Subject: Re: make print-PLIST and pkg_add use different quote/escape conventions
To: None <>
From: J Chapman Flack <>
List: tech-pkg
Date: 03/13/2005 19:49:30
> I explicitly pointed this out orthogonally to the quoting fix, which *also*
> should be done.

Check.  I didn't intend to clobber your specific post - as I said, it just
got me started on the state of the world in attention to quoting details. :)

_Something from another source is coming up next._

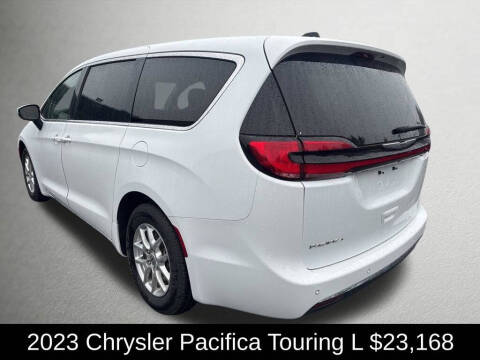 2023 Chrysler Pacifica Touring L
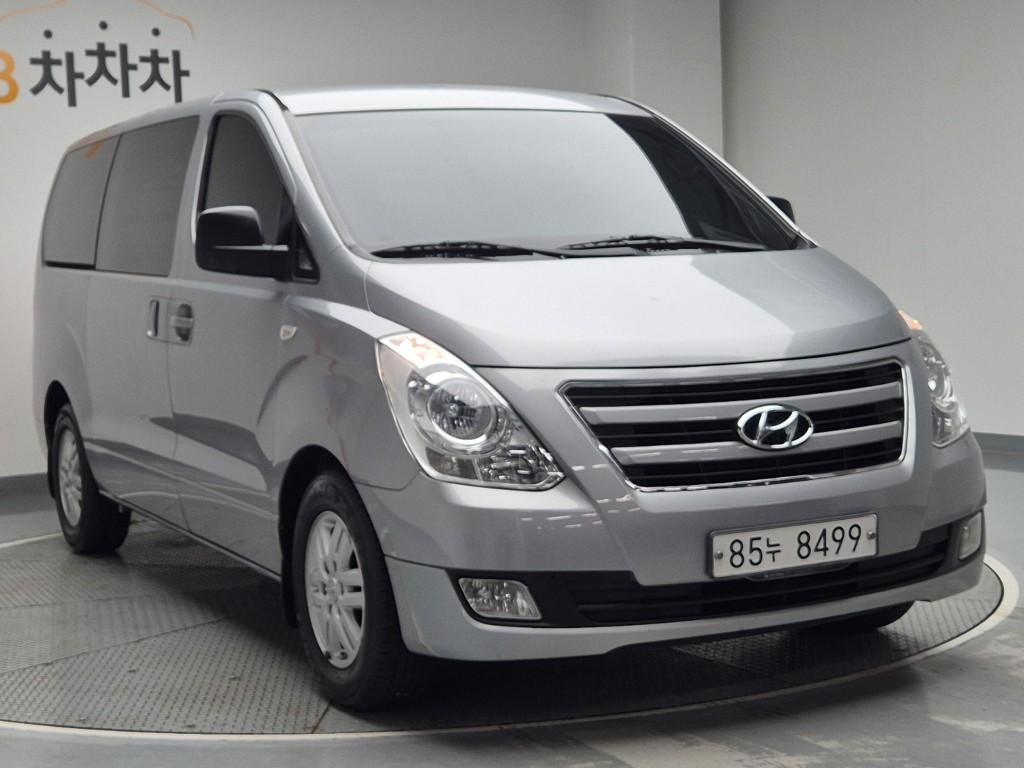 Hyundai Starex Grand Smart 2.5 VGT/ WGT 3 Van 5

> > At least it *was* innocent.
> No, it wasn't.  Punctuation characters other than a dot (.) should *always*

We're using 'innocent' differently.  I intended 'innocent' in contrast to
'malicious', and that it was - in contrast to easily-imaginable alternatives
that would not be.

That said, we could easily agree it was innocent but also naive.  The author
might be well advised to name everything within the intersection of permitted
character sets from all known filesystems ... or at least to pick a set
of targeted systems and find *their* intersection.  Perhaps that last is
what he has done - he runs on several systems, and his & seems to be
working on all of them (working in the sense of being accepted by the OS
and providing the intended function within his software, though in this case
it causes unrelated software not his to break for quality reasons out of
his control).  Meanwhile, for our own part, it's in our interest to write
code that will not fail on the set of characters allowed in our own
system, even if other systems may exist that disallow some of them.

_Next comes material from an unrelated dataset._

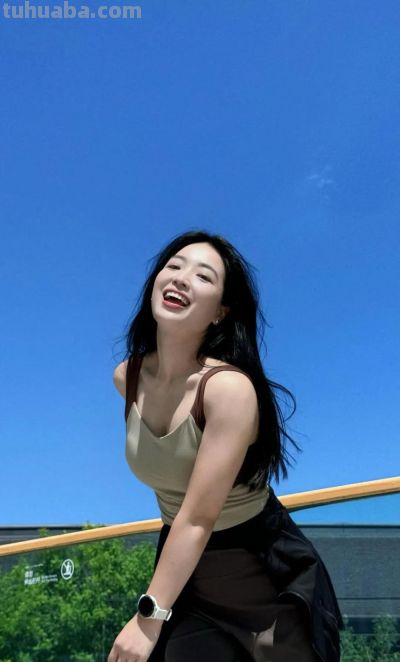 户外拍照，教你12个动作，拍照明媚出片，松弛漂亮 - 图画吧TUHUABA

We (broadly, UNIX hackers of history) have tended to handle this issue by
waiting until some user (who often has no reason to know better) suffers
an unpleasant surprise, and then saying "oh, right, you shouldn't do that."
The next time, it's "oh yeah, and you shouldn't do THAT either."

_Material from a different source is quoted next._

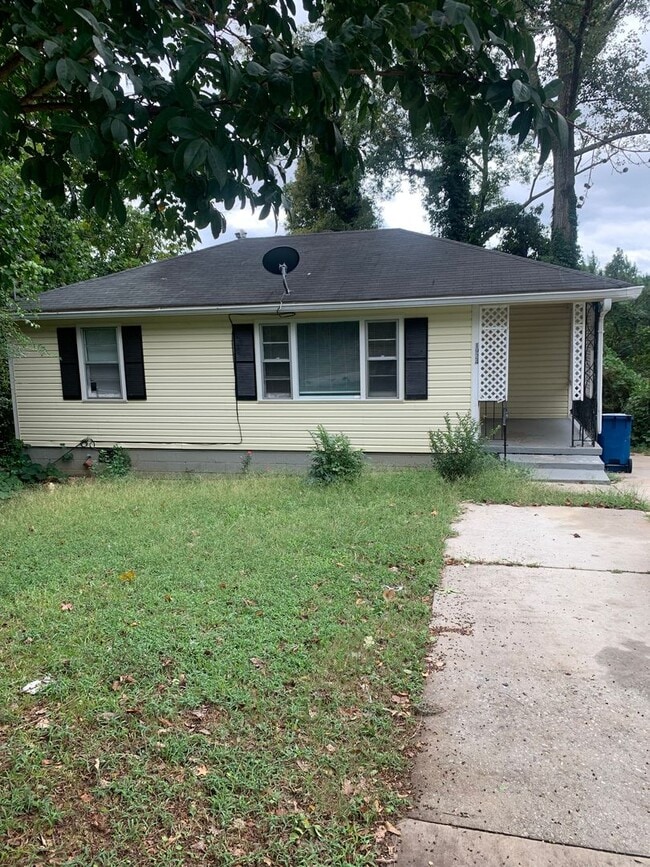 Building Photo - COMING SOON 3 Bed 1 bath Rental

At my last sysadmin gig, I finally broke down and tried to make a reasonably
complete enumeration of the file names the poor docket clerks needed to
remember never to use, even though the UI (not developed in house) would
happily accept them, and
before somebody had to get burned.  Of course the list turned out to include
any of a list of metacharacters (including space and newline, which irked
people coming from MacOS), names involving "core" (unless you didn't mind
the file disappearing overnight), TRAILER!!!, and so on down half a page.

Efforts toward making that list shorter are efforts toward a more usable OS.